PROBLEM DESCRIPTION: An exact copy of all records is expected, minus the images.

Short descriptive text snippets:
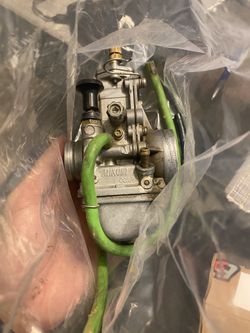 26 Mikuni Carburetor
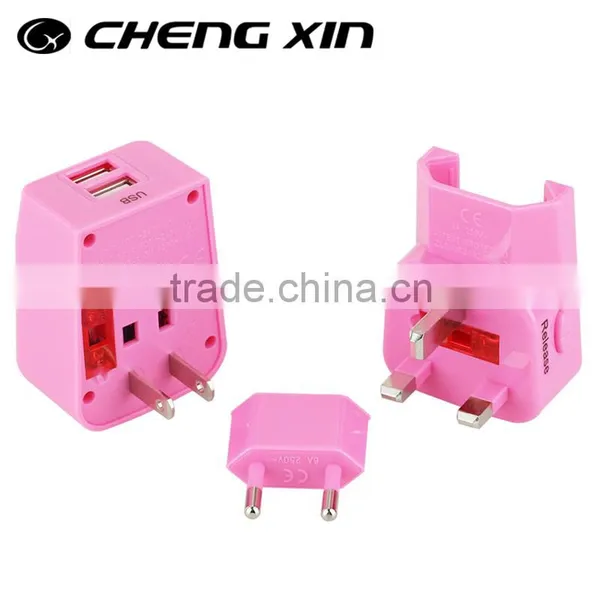 Accessory Mobile Phone Batteries ac to dc Power Travel Adapter Converter photo-2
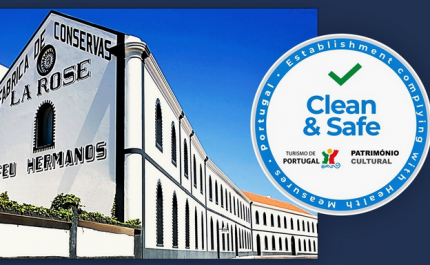 Museu de Portimão recebe selo «Clean & Safe – Património Cultural» do Turismo de Portugal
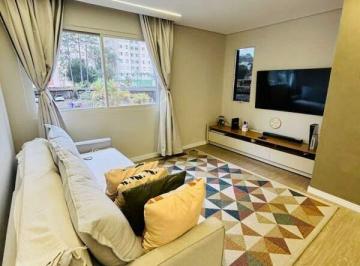 Apartamento · 90m² · 3 Quartos · 2 Vagas · Apartamento à venda 3 quartos 2 vagas Terra Nova - São Bernardo do Campo - SP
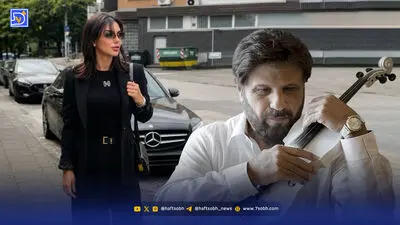 واکنش تند  ‌‌نیلا فرخی، همسر بیژن به شایعه بازگشت او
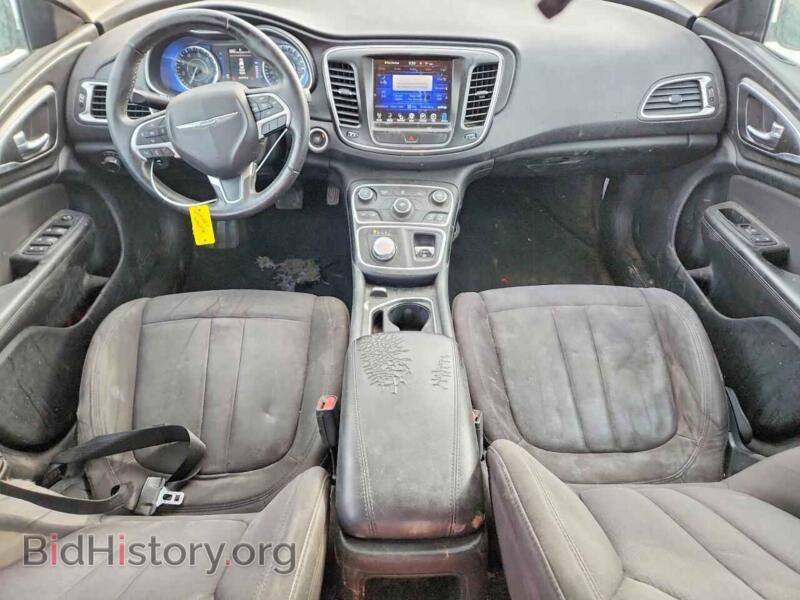 2015 Chrysler 200 (VIN 1C3CCCAB5FN682234) — фото 8 из 15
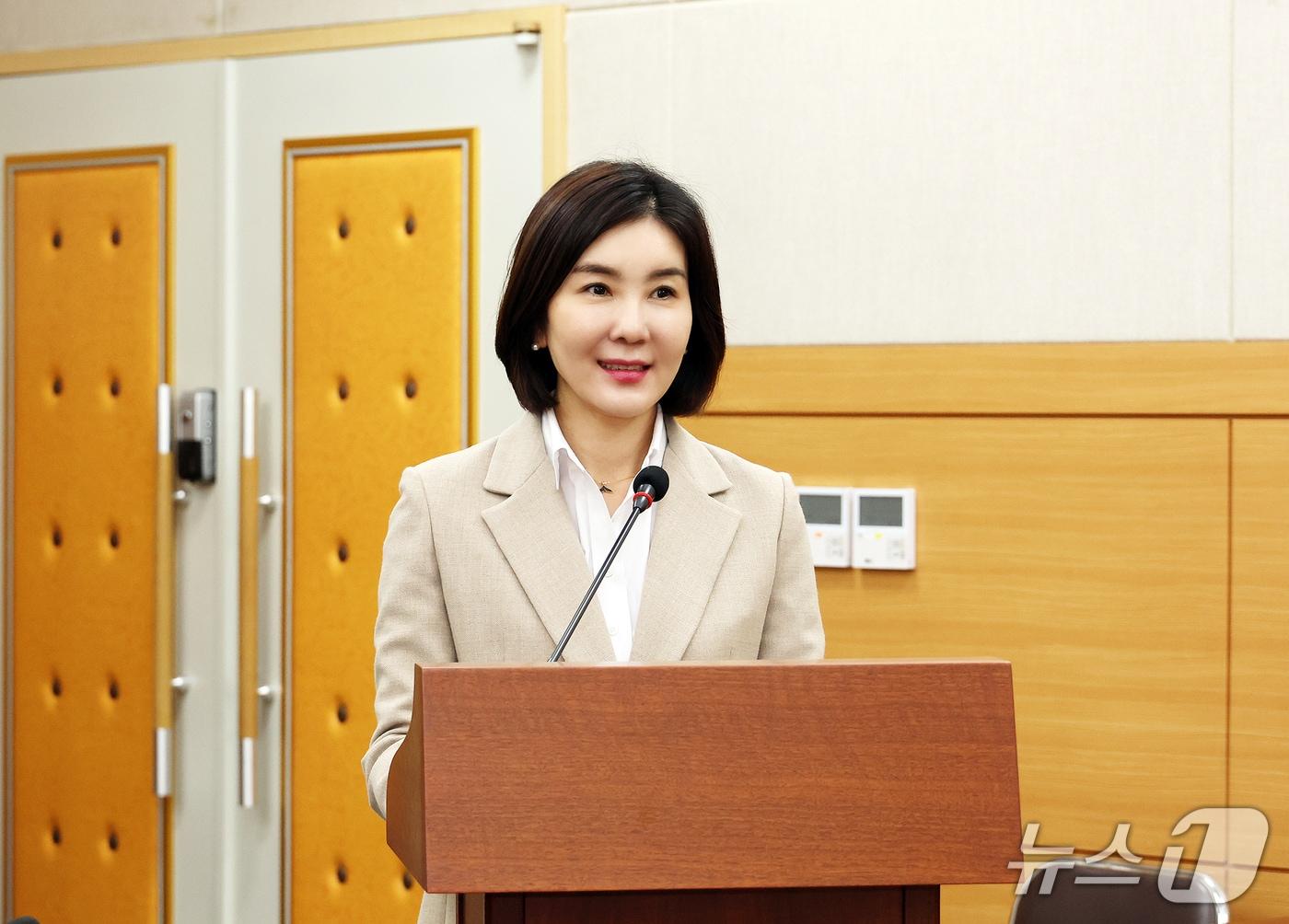 본문 이미지 - 인미동 의원.(유성구의회 제공. 재판매 및 DB금지)/뉴스1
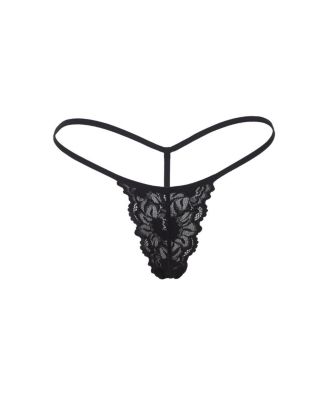  Marcia Lace Micro G-String Panty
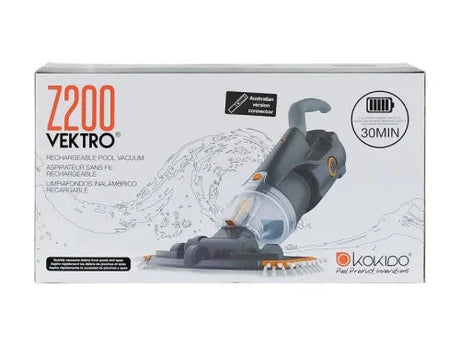 Vektro Z200 / Telsa 30 Spa & Pool Vacuum Vacuums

EXERCISE OUTPUT:
 26 Mikuni Carburetor
 Accessory Mobile Phone Batteries ac to dc Power Travel Adapter Converter photo-2
 Museu de Portimão recebe selo «Clean & Safe – Património Cultural» do Turismo de Portugal
 Apartamento · 90m² · 3 Quartos · 2 Vagas · Apartamento à venda 3 quartos 2 vagas Terra Nova - São Bernardo do Campo - SP
 واکنش تند  ‌‌نیلا فرخی، همسر بیژن به شایعه بازگشت او
 2015 Chrysler 200 (VIN 1C3CCCAB5FN682234) — фото 8 из 15
 본문 이미지 - 인미동 의원.(유성구의회 제공. 재판매 및 DB금지)/뉴스1
  Marcia Lace Micro G-String Panty
 Vektro Z200 / Telsa 30 Spa & Pool Vacuum Vacuums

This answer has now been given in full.